Session 1, On Contradiction and Practice: We’ll start by introducing Xi’s concept, “the two combinations,” and what the Chinese call the “Sinicization of Marxism.” We’ll advance via a comparative epistemology, revealing the ideologemes of Western (or) and Chinese (和/and) language and logics. We’ll focus on the “two classics” of Chinese Marxism, Mao’s essays, “On Practice” (1937) and “On Contradiction” (1937), and how his conceptualization of the “unity of opposites” differs from Lenin.
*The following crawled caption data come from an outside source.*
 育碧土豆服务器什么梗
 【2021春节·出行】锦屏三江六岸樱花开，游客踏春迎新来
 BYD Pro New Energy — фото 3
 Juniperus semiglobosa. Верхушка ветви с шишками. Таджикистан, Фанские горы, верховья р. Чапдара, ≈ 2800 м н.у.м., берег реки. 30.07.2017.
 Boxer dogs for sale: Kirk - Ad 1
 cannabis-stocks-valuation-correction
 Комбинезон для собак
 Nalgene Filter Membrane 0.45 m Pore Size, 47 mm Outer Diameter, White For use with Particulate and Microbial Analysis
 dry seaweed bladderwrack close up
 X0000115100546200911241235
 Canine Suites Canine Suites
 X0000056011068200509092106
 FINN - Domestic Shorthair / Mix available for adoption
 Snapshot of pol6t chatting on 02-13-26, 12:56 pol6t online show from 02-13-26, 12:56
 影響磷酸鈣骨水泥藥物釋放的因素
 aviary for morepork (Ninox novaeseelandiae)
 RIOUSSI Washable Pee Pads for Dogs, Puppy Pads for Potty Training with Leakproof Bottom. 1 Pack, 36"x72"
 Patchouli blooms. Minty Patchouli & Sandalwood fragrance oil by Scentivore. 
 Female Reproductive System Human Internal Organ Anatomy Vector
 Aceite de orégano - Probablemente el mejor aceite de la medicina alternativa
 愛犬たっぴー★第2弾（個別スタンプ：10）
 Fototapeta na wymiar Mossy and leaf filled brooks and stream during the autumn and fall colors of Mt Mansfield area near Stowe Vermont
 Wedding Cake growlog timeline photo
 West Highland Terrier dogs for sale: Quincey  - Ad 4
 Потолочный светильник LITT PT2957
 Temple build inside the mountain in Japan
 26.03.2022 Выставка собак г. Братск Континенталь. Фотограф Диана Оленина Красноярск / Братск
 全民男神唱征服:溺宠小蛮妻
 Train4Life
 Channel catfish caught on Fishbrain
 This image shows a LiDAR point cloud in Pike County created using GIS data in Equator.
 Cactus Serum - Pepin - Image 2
We’ll show how these understandings of contradiction have endured to the present, providing the interior logic of many key Chinese policies.
Readings: Kakuzo Okakura, The Book of Tea, Chapter 3; Confucius, Liji/Book of Rites, Book VII, The Li Yun; Laozi, Daodejing, 1; David Hall and Roger Ames, Anticipating China; Mao Zedong, “On Practice,” “On Contradiction;” Josef Stalin, Dialectical and Historical Materialism; Mao, “On the Correct Handling of Contradictions Among the People;” Mao, “Contradictions under Socialism”
Session 2, On Class Struggle and Social Harmony: We begin by discussing the role of class struggle described by Karl Marx and Friedrich Engels, then examine how this concept was instrumentalized tactically by the CPC in different stages of its modern development, including liberation, political consolidation, sovereignty and national rejuvenation, strategic autonomy, the role of technology development, and the struggle against various forms of imperialism and related concerns, like climate change, the struggle between developed and developing countries, the Global North and the Global South, etc.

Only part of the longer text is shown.